Electoral College (audience: people of the U.S.)
You walk into the voting booth on the first Tuesday of November to cast your vote for who you think should be President. You take your ballot into the box believing, as most people do, that your vote will be counted along with the rest of the population. You do this because you believe it could be the deciding vote for the presidential race. Well, you are horribly mistaken. What you may not realize is that the Electoral College actually elects the President, not the individual voters. The Electoral College is an outdated, flawed institution that does not reflect the majority of the country’s opinion, and, therefore, it should be abolished and replaced by a direct election, or at the very least it should be reformed, using a method called “Allocating the Electoral Vote.”
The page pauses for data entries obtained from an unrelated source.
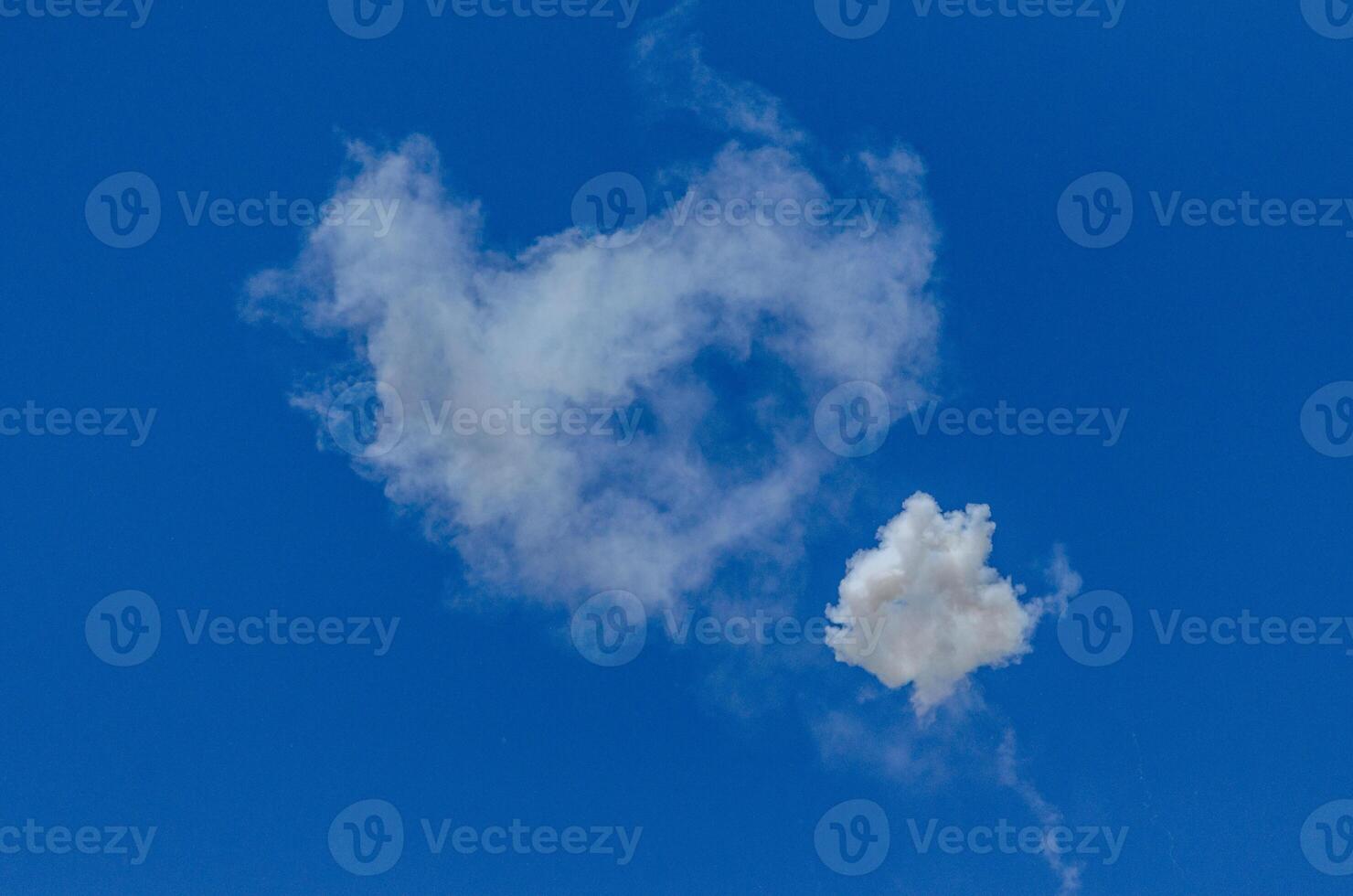 clouds of smoke from pyrotechnics, fireworks in a blue sky photo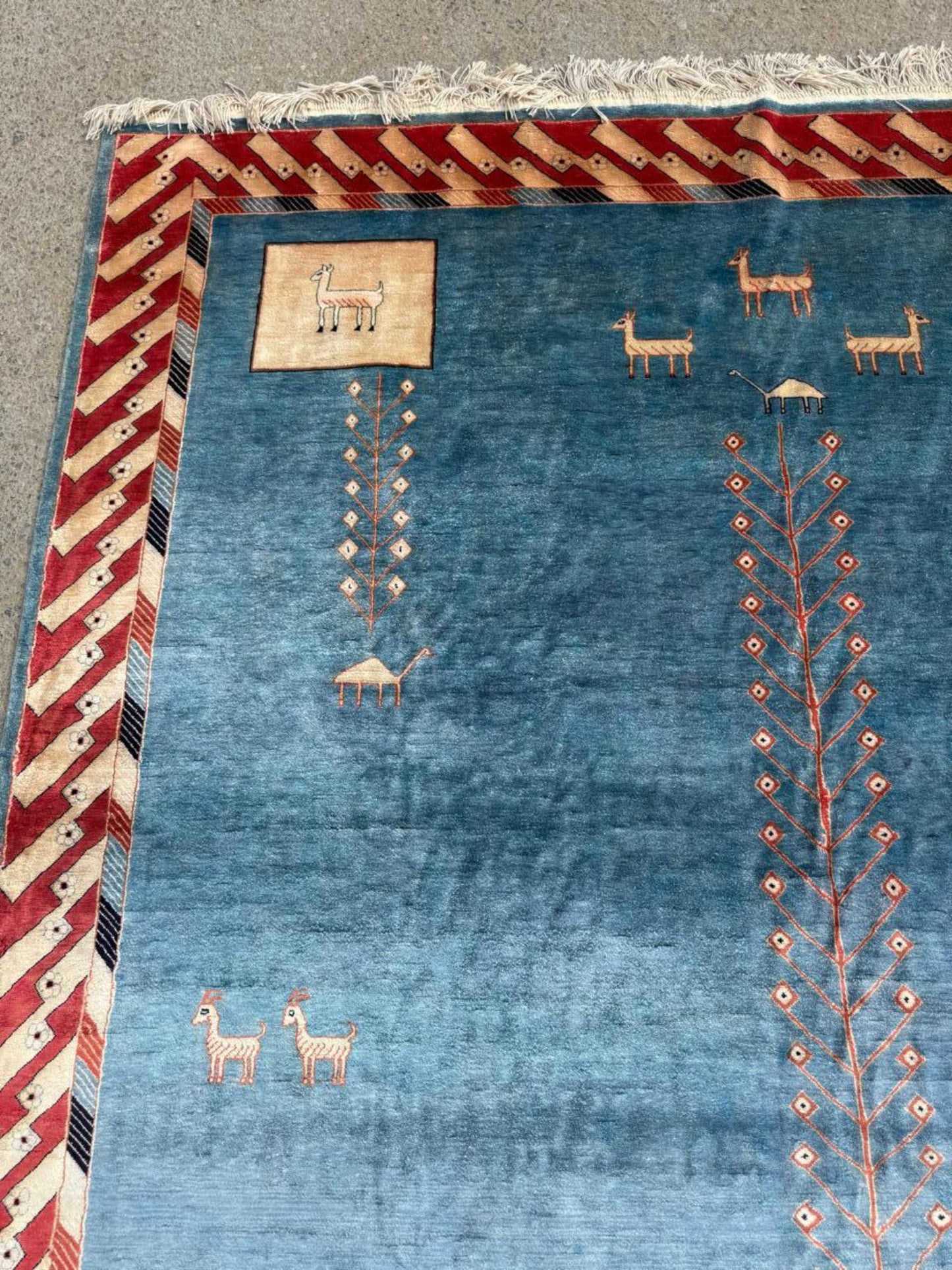 Close-up detail of the angular central medallion in charcoal grey and taupe.

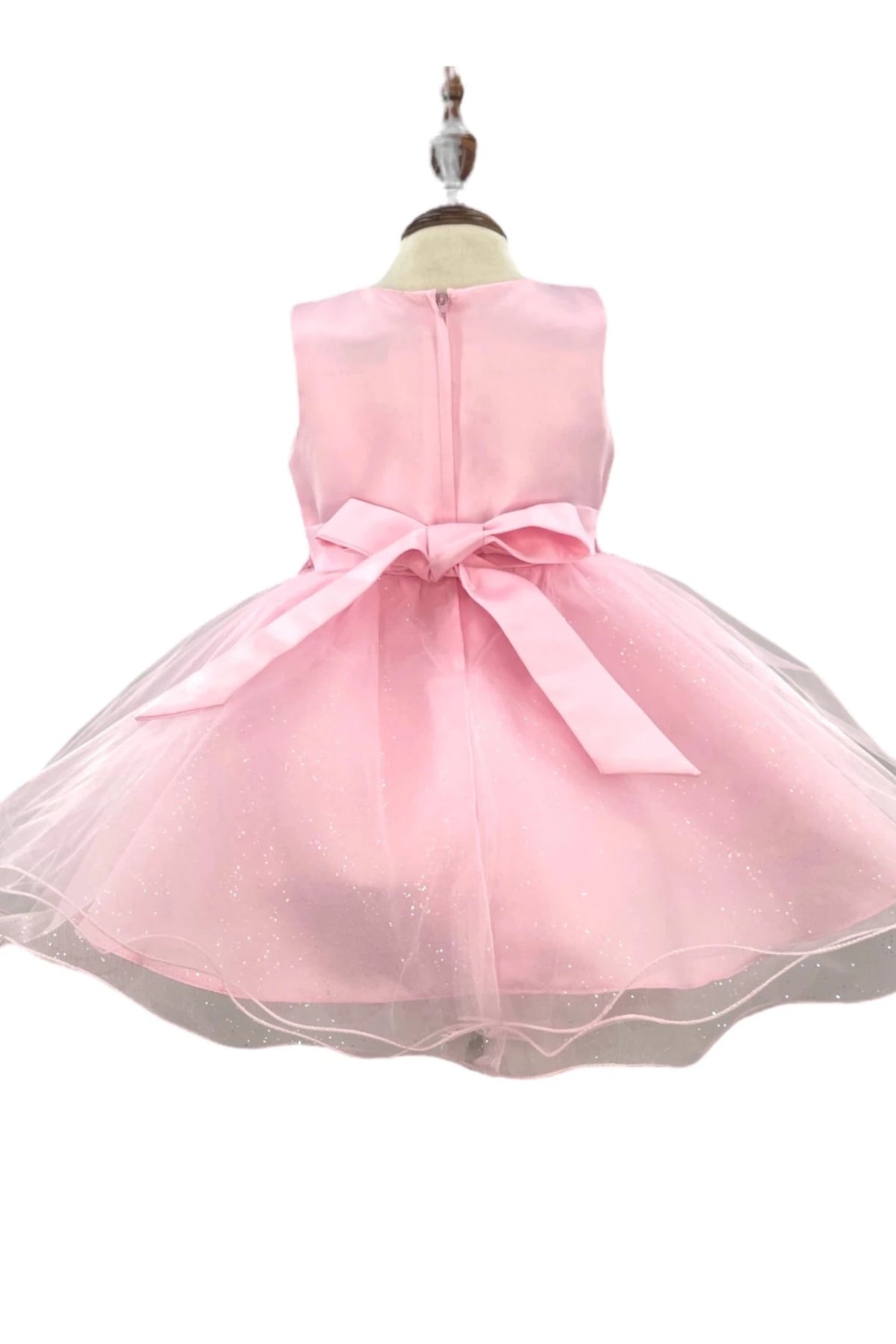 An oversized satin bow highlights the zippered back of the Pink flower girl baby dress.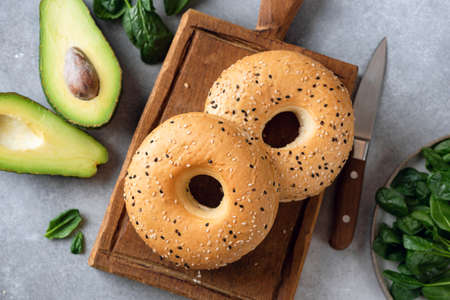 Fresh sesame bagels and avocado ready for making healthy vegan avocado sandwichの写真素材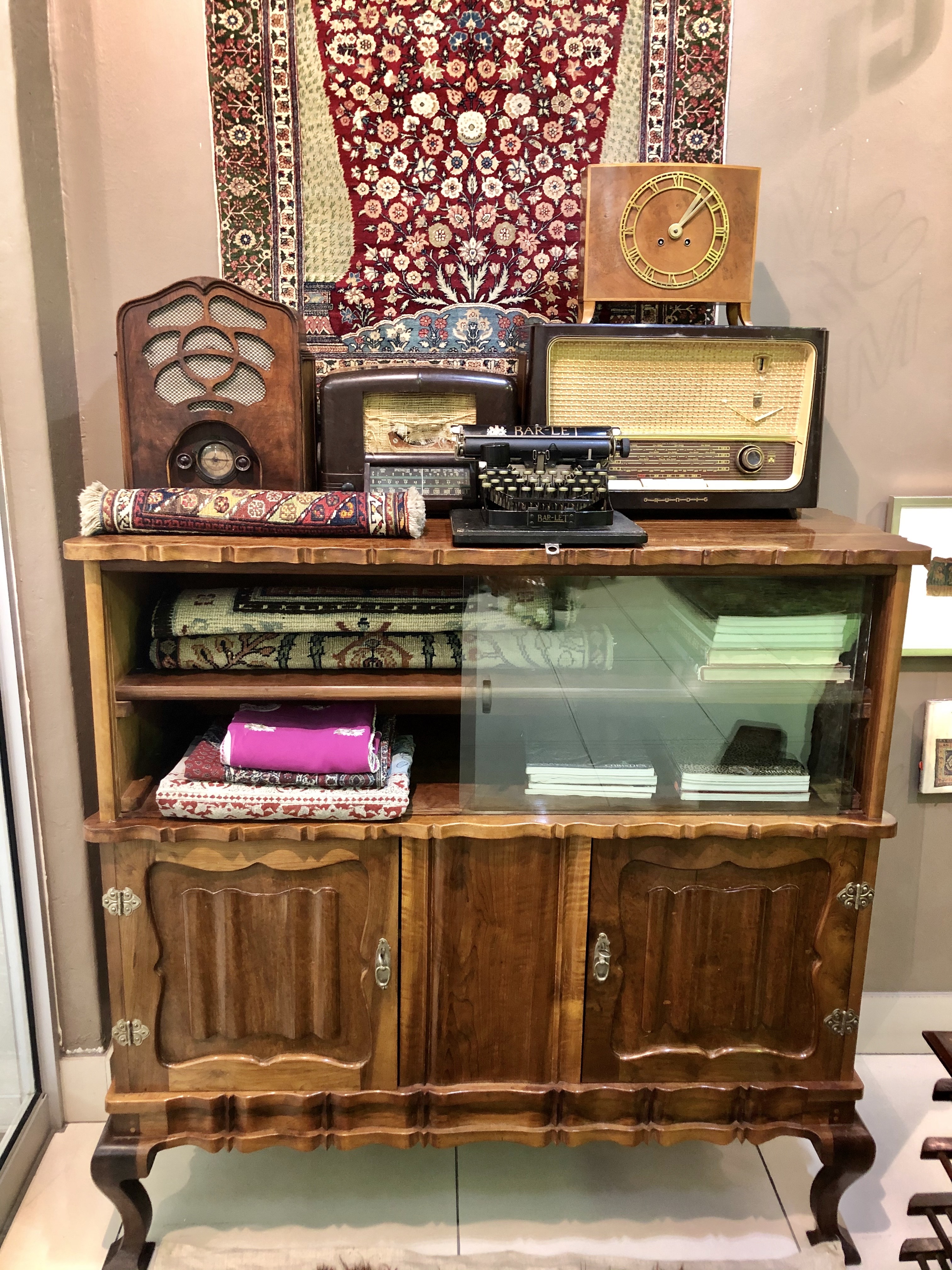 STINKWOOD DISPLAY CABINET MID-20TH CENTURY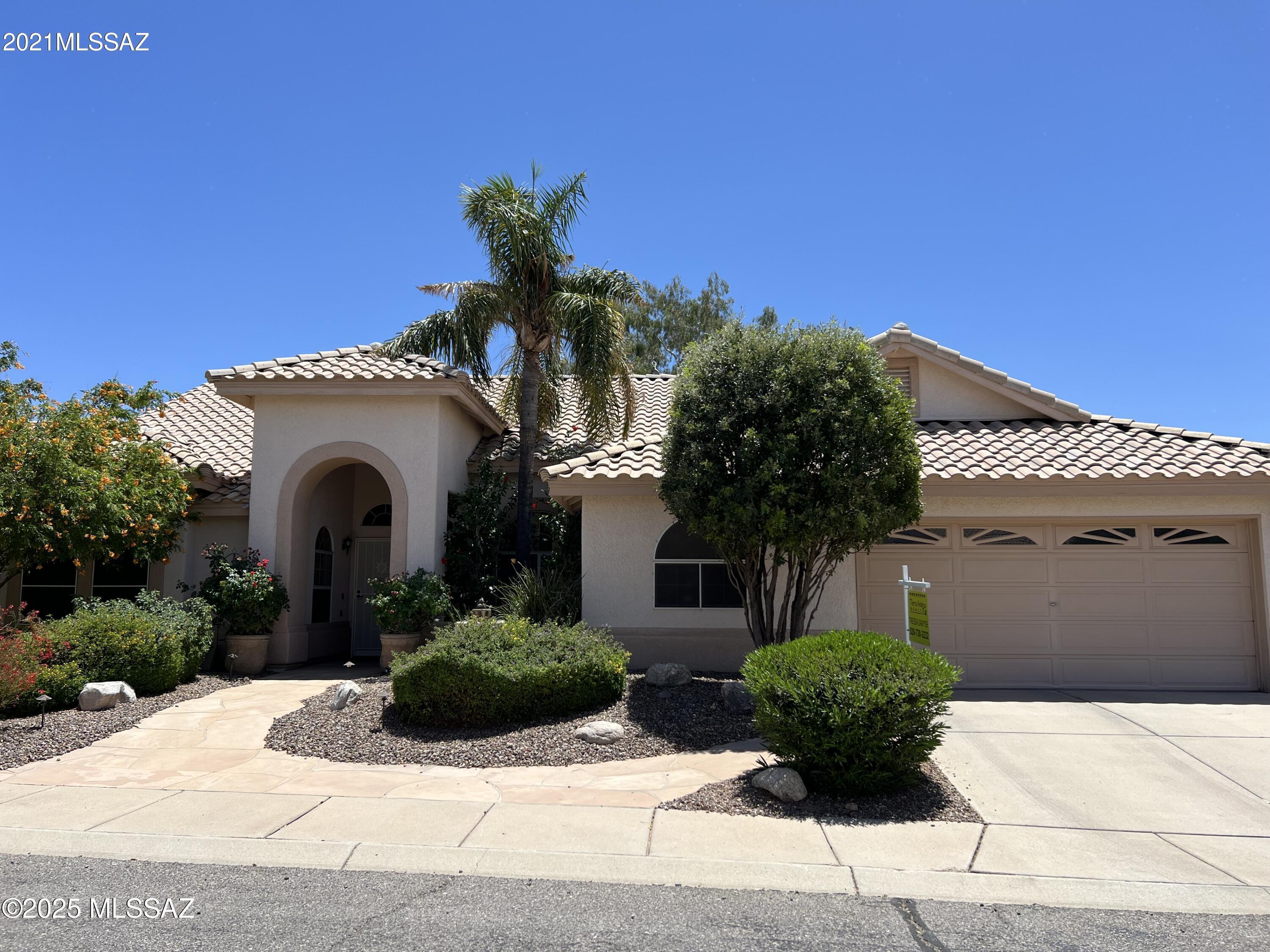 Located in sought-after Canada Heights, this spacious 5-bedroom, 3-bath home sits on a nearly ¼-acre lot at the end of a quiet cul-de-sac. Enjoy breathtaking views of Pusch Ridge from your resort-style backyard featuring a newer lagoon pebbletec pool with lush landscaping, mature citrus trees and gazebo. Your own private oasis.

Inside, soaring ceilings and a flexible floor plan offer room for everyone. The 5th bedroom can serve as a guest suite or home office.Major upgrades include a primary bathroom remodel (2021), guest bath remodel, new flooring, new roof (2016), and newer AC units (2017 & 2025). Don't miss this hard to find 5 bedroom gem**All new professional paint including doors just completed. Neighborhood streets being repaved July/Aug 2025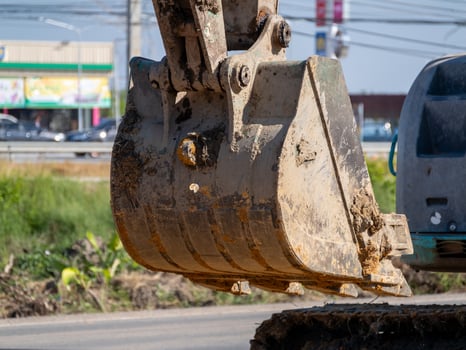 Excavator digging earth construction site urban area machinery action daylight close-up view photo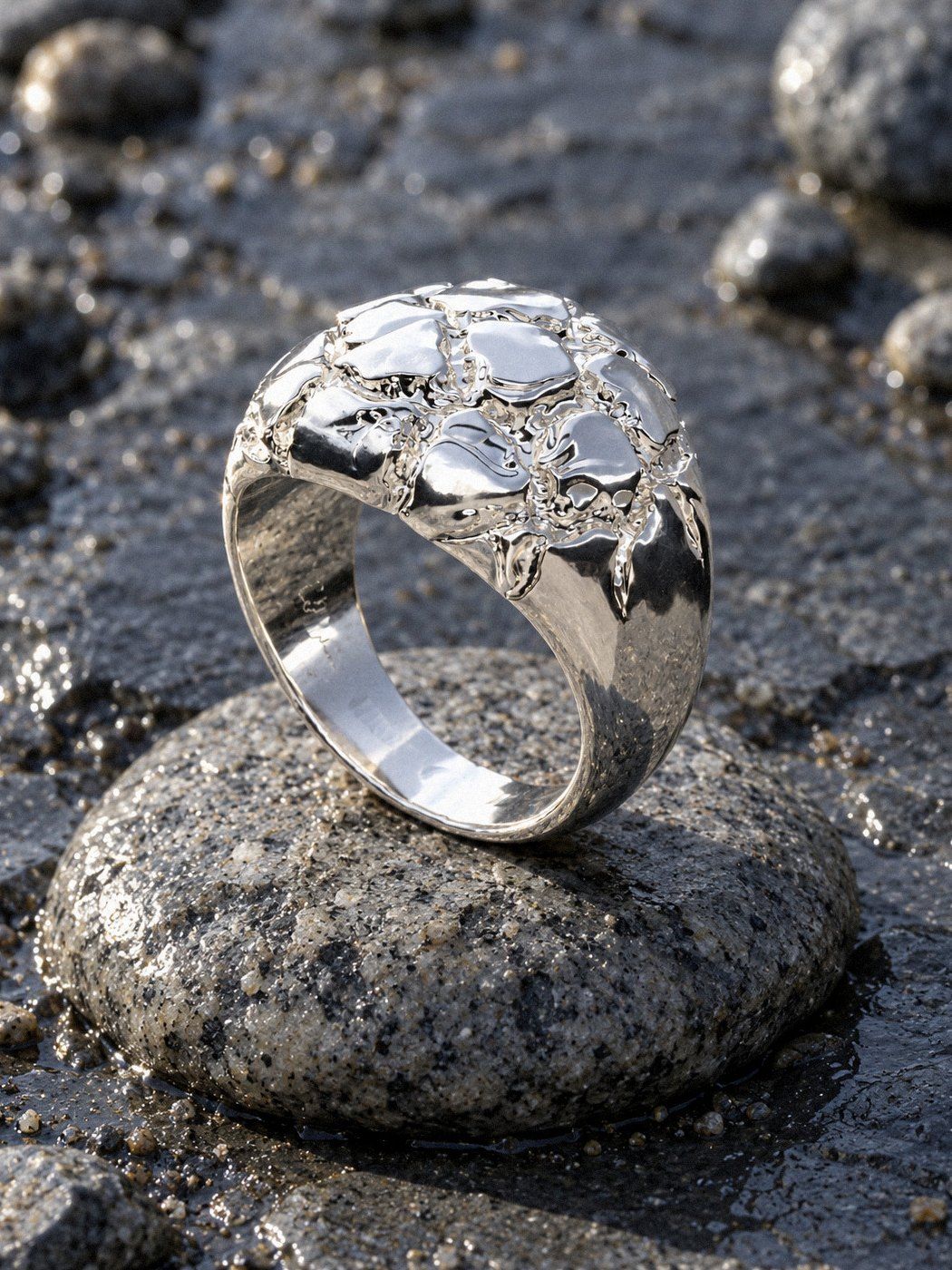 Boulder No. 503 in sterling silver, still life on river stones
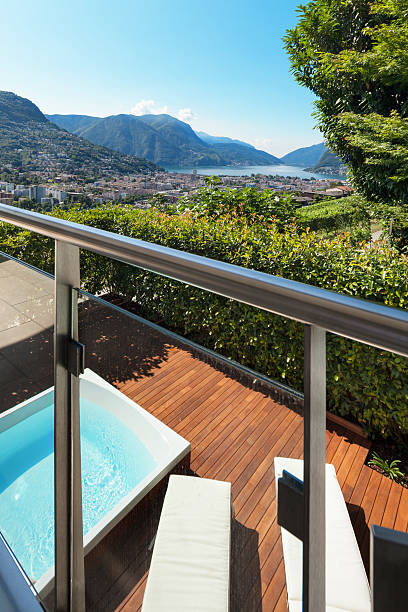 A serene view of a cloudy sky above a white balustrade, evoking tranquility and simplicity. The scene is composed of soft clouds and a clean architectural element, ideal for calming and minimalist designs.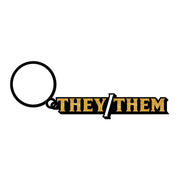 A keychain with a ring and the words "They/Them" in gold glitter lettering.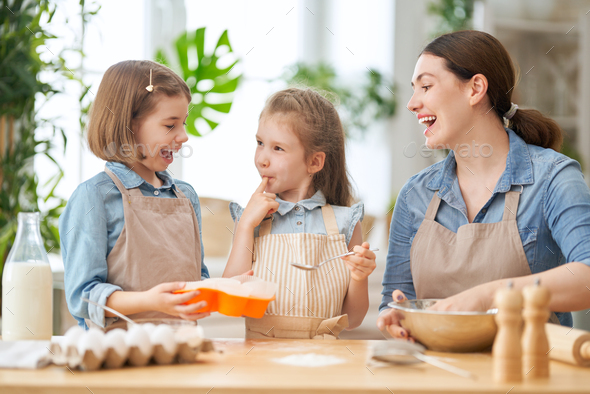 family are preparing bakery together - Stock Photo - Images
This system of presidential selection is the product of a 200 year old debate over who should select the President and why. In 1787, the framers of the Constitution respected the principles of Federalists and Republicans so they developed a compromise between those who felt that Congress should select the President and those who felt that the states should. In 1788, the Electoral College was indoctrinated and placed into operation. The College was to allow people say in who led them, but it was also to protect against the general public's ignorance of politics (The Electoral College 1). The Electoral College has remained relatively unchanged in form and function since 1787, the year of its formulation, and this, in itself, poses a problem because in 200 years the stakes have changed, yet the College has not.
Today the Electoral College system works like this. Every ten years the census figures determine the number of representatives for each state. This number plus two, representing the two senators, equals how many electors each state has. Washington, DC has three electors. Each state has the right to decide how to select these electors, with 48 using the general ticket system, while two, Maine and Nebraska, use the district system. In the general ticket system there is a direct vote election held in each state and the winner of the vote gets all of the states electoral votes. In Maine and Nebraska, there is an election held in each congressional district. The winner of every district gets one electoral vote, and the candidate with the most electoral votes gets the remaining two electoral votes. In 24 states the electors are required to vote as pledged, while in the rest of the country electors are not legally bound to voting for the candidate who won their state. When all the electoral votes are counted, if a candidate gets more than half the votes (270), he becomes the new President. If there is no majority, then the election goes into the House of Representatives where each state is given one vote and they vote on the top three candidates. If a candidate gets a...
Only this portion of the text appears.